Unwilling to pay Weeknees $39.26 for it's spiffy Roamio Fan, the hunt began for a reasonable ROAMIO Replacement fan. Even $12.99 seemed too high for a EVERCOOL 10mm fan. Also, of all the sellers I checked at eBay, I found none that offered "original" OEM fans, so each seller offered a 'replacement' and not the original fan.

After careful considerations I selected these:

4 Fans $10.00 shipped from Tulsa Oklahoma
eBay: 112488104175









*4 Pcs 12v 3010 30mmx10mm* (following specs found at aliexpress.com)
*PENGDA TECHNOLOGY*
3010 35mm x 35mm x 10mm
Rated voltage: DC 12 V
Current rating: 0.1 A
Power consumption: .12 W
Revolution: 8800 ± 10% RPM
Noise: 22 dBA

*EVERCOOL FAN SPECS added for reference:*
EVERCOOL EC3510H12E 
Everlube Bearing
Dimension: 35mm x 35mm x 10mm
Speed: 9000 rpm
Air Flow: 5.53 CFM
Noise Level: 34.9 dBA
Amps: 0.12
Connector: 2 Pin mini (7mm) / 10" cable

$10 is not a tremendous investment, but the specs are impressive enough to try a sample install. My Roamio original fan is still operational, but is starting to 'groan' now and then. Knowing 'things' would not get better I hunted for a fan replacement today.

To test, I will allow a overnight 'rest', then a cold start. After 1 hour of operation, remove the cover to quickly take a measurement. Using a digital thermometer I plan to measure the _CPU 'cooling fin' _temperature directly at the center and record. _After _the fan replacement I will repeat this test the next day.

Of course I will closely monitor the fan ambient noise levels too, but have no gear to measure same.

It's been awhile since the FAN topic was brought up and almost all of the 'links' offered on old posts no longer work. Seems these fans are failing after just a few years of service, but they've got a important job to accomplish 24/7 and this fan is so vital to the ROAMIO internals!

*Fan installation requires: Torx T-8, T-10 and T-15*

Please remember: _**NOT compatible with Roamio Plus or Roamio Pro!
*_
SOGLAD


----------



## JoeKustra (Dec 7, 2012)

Please post your MBT before and after. Also, I prefer the 7-blade fan over a 5-blade fan (original is 5 blade). Evercool shows their airflow. The MBT is located in System Information. No need to remove the cover, and it is very dependent on room temperature.


----------



## just4tivo (Dec 9, 2015)

I chose the WeaKnees replacement fan for one of my Romio OTA boxes.

Exact fit, correct connector, SILENT, and only $29.95 from Amazon delivered to my door.
Came with the necessary tools and WeaKnees produced a great installation video.
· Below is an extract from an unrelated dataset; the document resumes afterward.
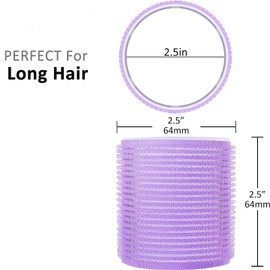 DERDOUT Jumbo Size Hair Roller sets, Self Grip, Salon Hair Dressing Curlers, Hair Curlers（purple）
https://www.amazon.com/WeaKnees-TiV...sa_cr_id=3861371630101&ref_=sb_s_sparkle_slot

Nothing wrong with paying a bit more for quality and support.


----------



## keithg1964 (Feb 2, 2006)

SOGLAD said:


> *ROAMIO REPLACEMENT 4 Pcs 12v *
> *3010 30mmx10mm* (following specs found at aliexpress.com)
> *PENGDA TECHNOLOGY*
> 3010 35mm x 35mm x 10mm
> ...


The specs miss the most important part of a fan spec. Bearing type. Without that the specs are worthless, and so are probably the fans.


----------



## SOGLAD (Aug 18, 2019)

JoeKustra said:


> Please post your MBT before and after. Also, I prefer the 7-blade fan over a 5-blade fan (original is 5 blade). Evercool shows their airflow. The MBT is located in System Information. No need to remove the cover, and it is very dependent on room temperature.


OK! Can do... shipment due soon.

SOGLAD


----------



## SOGLAD (Aug 18, 2019)

keithg1964 said:


> The specs miss the most important part of a fan spec. Bearing type. Without that the specs are worthless, and so are probably the fans.
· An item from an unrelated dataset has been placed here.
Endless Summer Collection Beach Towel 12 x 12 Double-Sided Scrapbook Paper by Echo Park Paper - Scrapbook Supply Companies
I just messaged the seller and I'll will relay what he/she says about bearing type.

SOGLAD


----------



## LarryAtHome (Feb 18, 2008)

I have used the riffle bearing type fan with good success. They were about $1.00 with shipping from china included. There are also ball bearing ones for about $3.00. It did take some time for them to arrive, but they have worked well and are quiet. My roamio ota is in a cool place so the fan does not run at a high speed or for long periods of time. For the price if they only last a few years, they have well paid for themselves. Current one is on year 3+ now.


----------



## SOGLAD (Aug 18, 2019)

SOGLAD said:


> I just messaged the seller and I'll will relay what he/she says about bearing type.
> 
> SOGLAD


SELLER replies: "these are sleeve bearing"

SOGLAD


----------



## SOGLAD (Aug 18, 2019)

LarryAtHome said:


> I have used the riffle bearing type fan with good success. They were about $1.00 with shipping from china included. There are also ball bearing ones for about $3.00. It did take some time for them to arrive, but they have worked well and are quiet. My roamio ota is in a cool place so the fan does not run at a high speed or for long periods of time. For the price if they only last a few years, they have well paid for themselves. Current one is on year 3+ now.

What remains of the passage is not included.